» DIRECTIONS FOR THIS TASK
Return the lines that run from the line containing "Etiquetas Para Recuerdos" through the end of the entries, both ends included. Leave out all pictures.

Short web captions:
-*-*-

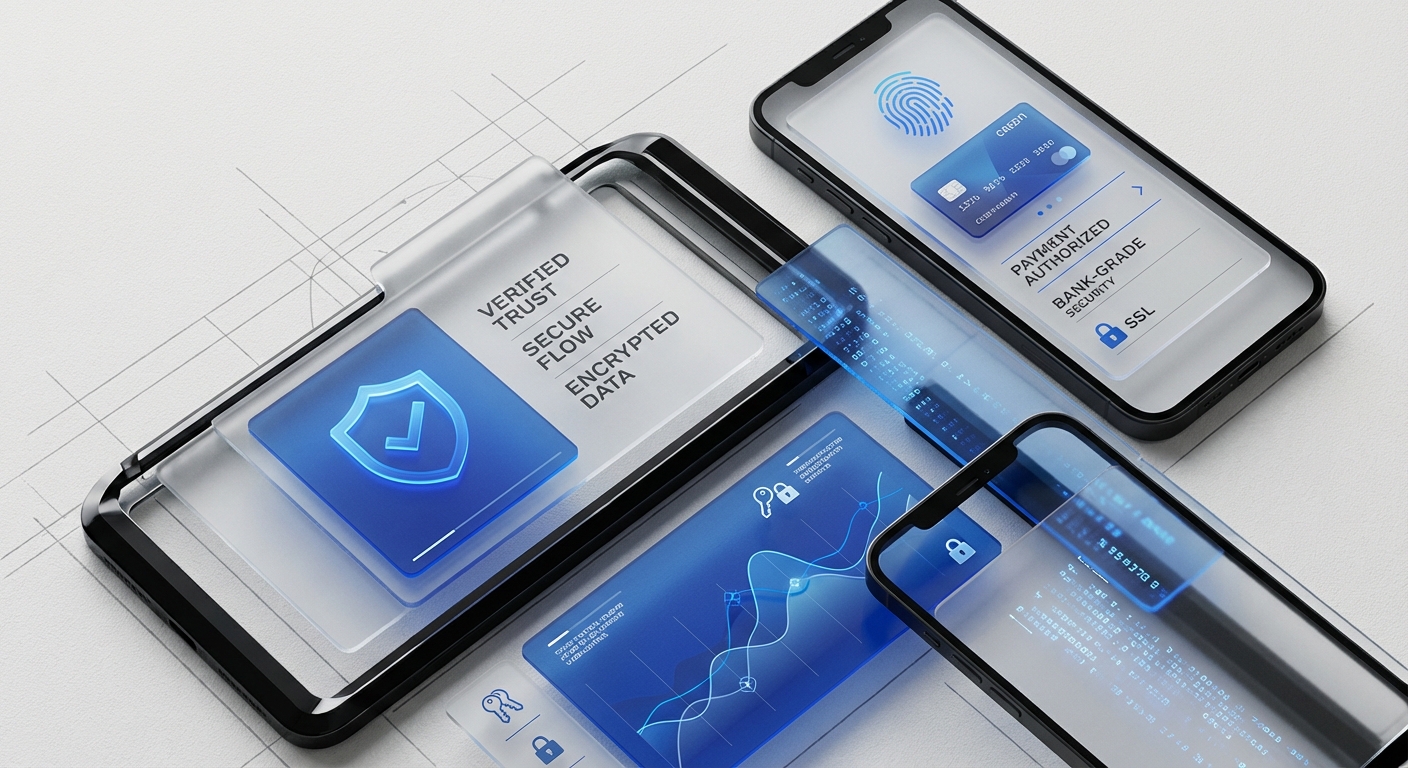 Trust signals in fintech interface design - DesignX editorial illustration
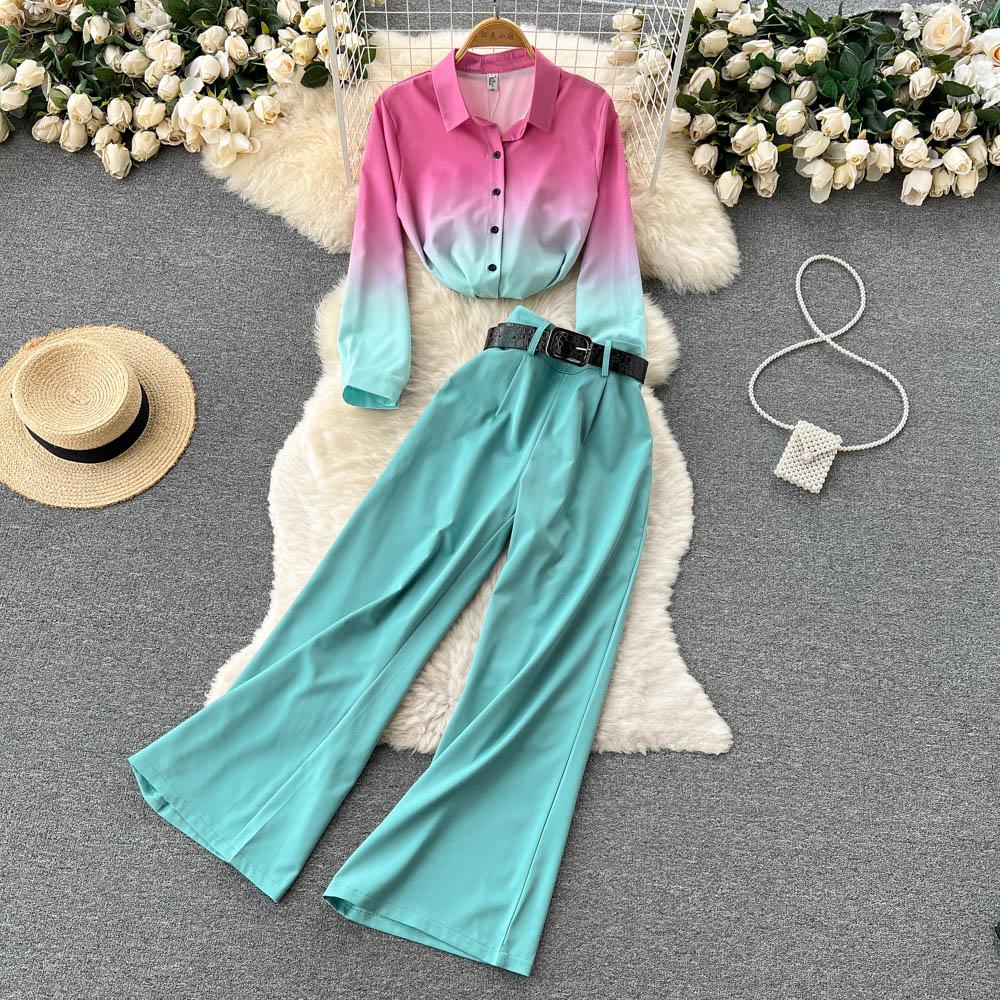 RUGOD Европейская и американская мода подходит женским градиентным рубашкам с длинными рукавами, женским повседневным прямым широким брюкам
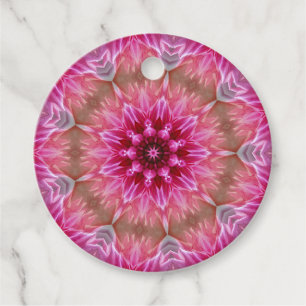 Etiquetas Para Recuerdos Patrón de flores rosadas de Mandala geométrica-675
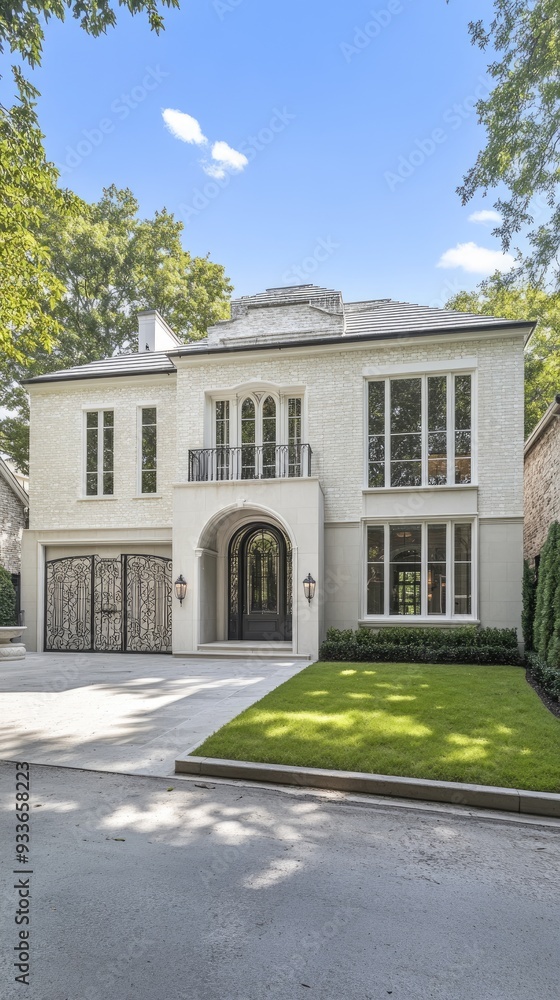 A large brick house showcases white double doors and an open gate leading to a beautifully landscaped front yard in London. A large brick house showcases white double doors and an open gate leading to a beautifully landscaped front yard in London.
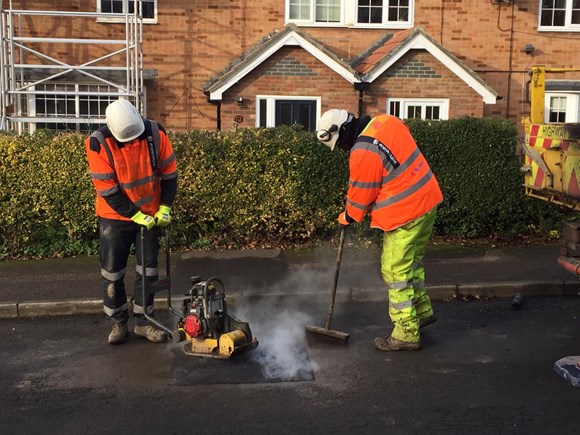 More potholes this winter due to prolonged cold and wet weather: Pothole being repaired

-*-*-

» TASK SOLUTION
 Etiquetas Para Recuerdos Patrón de flores rosadas de Mandala geométrica-675
 A large brick house showcases white double doors and an open gate leading to a beautifully landscaped front yard in London. A large brick house showcases white double doors and an open gate leading to a beautifully landscaped front yard in London.
 More potholes this winter due to prolonged cold and wet weather: Pothole being repaired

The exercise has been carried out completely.